A flu bug that went through the team and resulted in starting guard Laquarious Paige not even coming to the arena certainly didn’t help, though neither Lansing nor his players were using that as an excuse after the game. Nor did the coach take much solace in a game comeback by his team, as ISU whittled a big second-half deficit all the way down to six in the final minute.

“It’s easy to play when you’re 20, 25 behind,” said Lansing. “It’s easy to do that. If you have any competitiveness in you at all, you’re doing that from the start. So really disappointing. Really disappointing.

“I’ve got to be a lot better. I’ve allowed this. I’m the head coach, and I’ve allowed this. I’m not happy about it. I know some things that need to change and how I need to change and how our program needs to get back to being what we’ve been in our tenure.”

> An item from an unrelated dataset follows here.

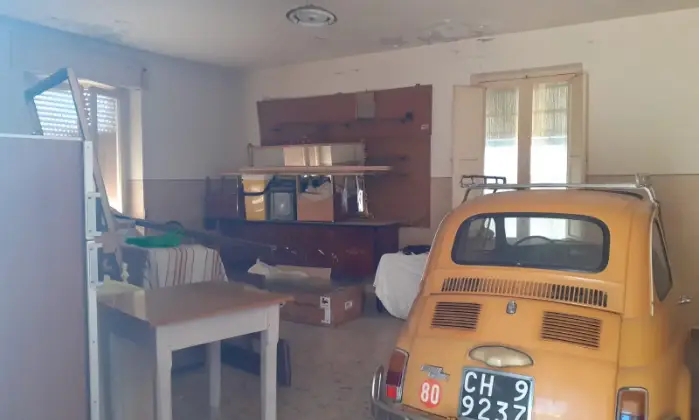 Rexer-Casacanditella-Vendesi-Casa-indipendente-a-CASACANDITELLA-CH-LOCALE-USO-DEPOSITO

Lansing already has plenty of ideas just what those changes will be.

“We have to keep recruiting. We have to keep working on our roster,” he said. “I really like what we have coming in here to this point. We still have more guys to recruit. We’re going to do it. The staff’s been working their tail off. I’ve got a great staff.

“There hasn’t been many times in our tenure where we’ve made mistakes recruiting. There really hasn’t. We’ve gotten guys we’ve liked and been good players for us. We might have overvalued some at times, and maybe that happened to us a little bit this year.”

“But in the off-season, it’s got to be tougher,” he continued. “I think I said that last year. I’m going to be tougher on them, harder on them. And then you like the guys so much and they do work hard, then maybe I’m not-I don’t develop the leadership or the toughness that we need, and that’s not going to happen again. That will not happen. I’m going to be very hands on and involved in everything we do.

“These guys are good students. They’re great students. They represent us in every way in the community, but my job has to do with our record. Our record was not near good enough this year. We weren’t good enough, and that’s going to change.”